### [The task]
Transcribe the listing that follows in full, omitting pictures.

### [Dataset extract]
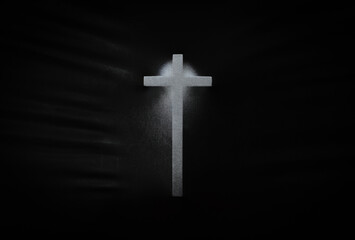 The cross pressing through black fabric with shine and dark side for Halloween background concept.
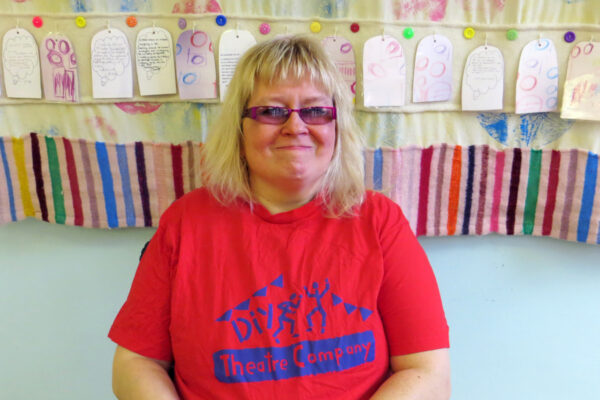 photo of Ange, she is wearing glasses and looks like she is holding in a laugh! She is sitting in her wheelchair and wearing a red DIY t-shirt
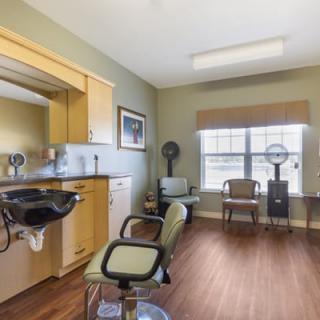 A well-lit hair salon with chairs and a sink, featuring a large window and wooden flooring.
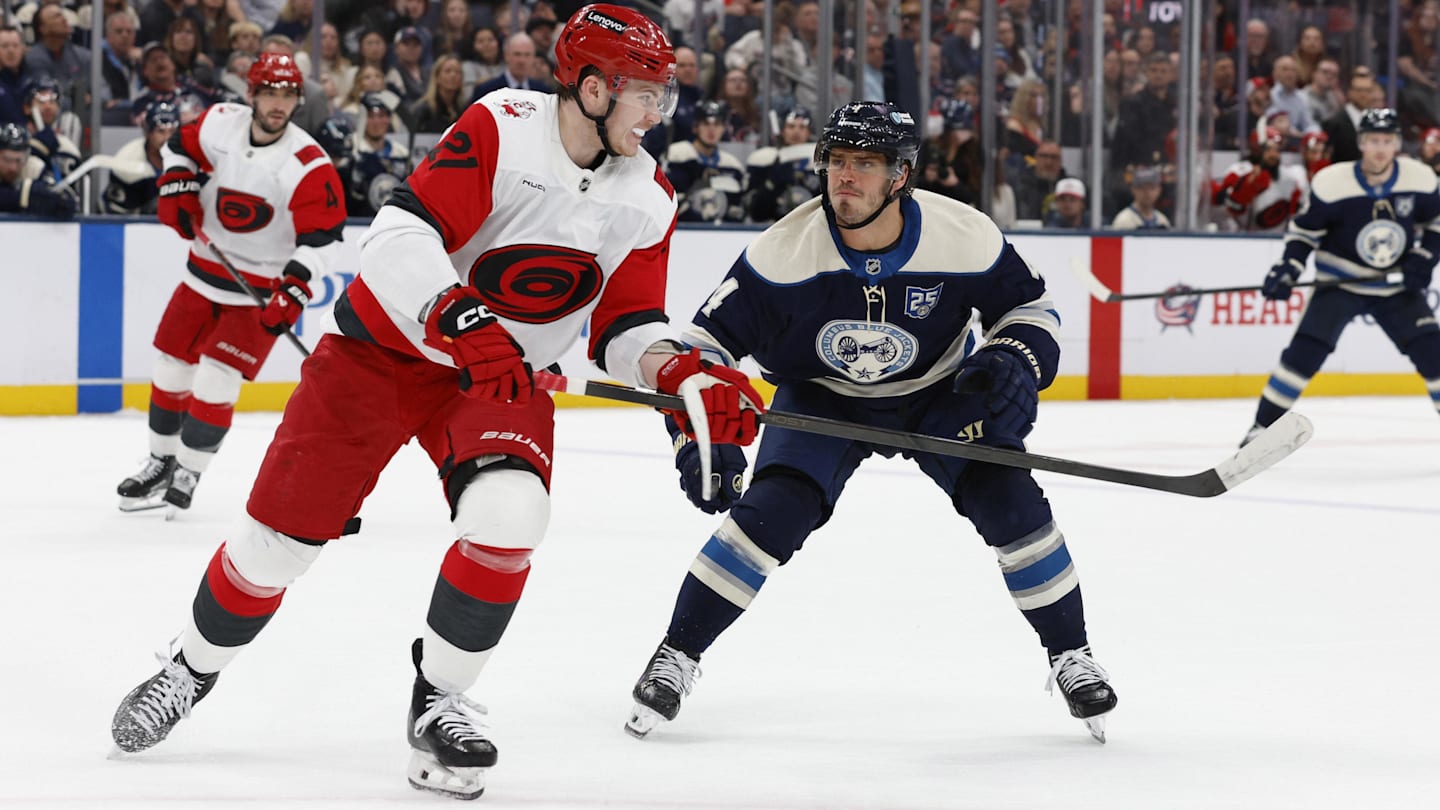 Mar 31, 2026; Columbus, Ohio, USA; Carolina Hurricanes defenseman Alexander Nikishin (21) passes the puck asColumbus Blue Jackets center Cole Sillinger (4) defends during the second period at Nationwide Arena. Mandatory Credit: Russell LaBounty-Imagn Images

### [Result]
 The cross pressing through black fabric with shine and dark side for Halloween background concept.
 photo of Ange, she is wearing glasses and looks like she is holding in a laugh! She is sitting in her wheelchair and wearing a red DIY t-shirt
 A well-lit hair salon with chairs and a sink, featuring a large window and wooden flooring.
 Mar 31, 2026; Columbus, Ohio, USA; Carolina Hurricanes defenseman Alexander Nikishin (21) passes the puck asColumbus Blue Jackets center Cole Sillinger (4) defends during the second period at Nationwide Arena. Mandatory Credit: Russell LaBounty-Imagn Images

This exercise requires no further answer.